Additionally, for this particular study there are systematic violations of the assumption of independence between alternatives, arising in particular from the structure of the road network. In many choice situations alternative routes overlap for a significant fraction of their length. We examine how these correlations are manifest in individuals? preferences and show that the MMNL model admits their estimation.
In reporting our results, we underline various issues encountered within the panoply of MMNL models that we have used, including the assumptions made regarding the characteristics of the mixing distributions defining such models.
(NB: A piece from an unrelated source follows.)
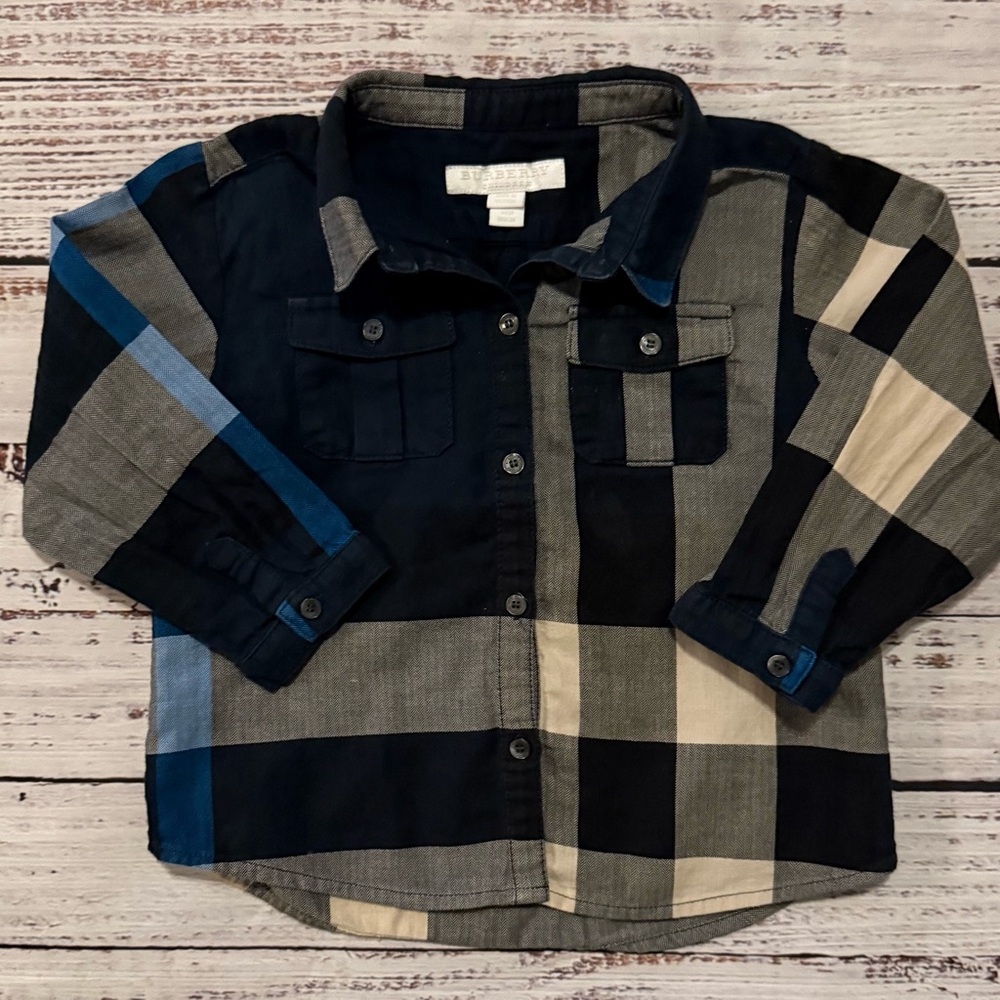 Burberry Baby Boys 18m Plaid Button Down Long Sleeve Shirt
We discuss how MMNL models are better equipped to judge the effect of policies such as tolling, relative to simpler models that do not explicitly admit random taste variation.
In summary, the paper proposes a new approach to the implementation of MMNL models within a transport context, specifying an additional layer of analysis at the interaction between inter-individual taste variation and the socio-economic characteristics of travellers. We apply this specification over a rich set of route preference data, revealing a level of insight on motorists? responses to tolls which has not been possible hitherto.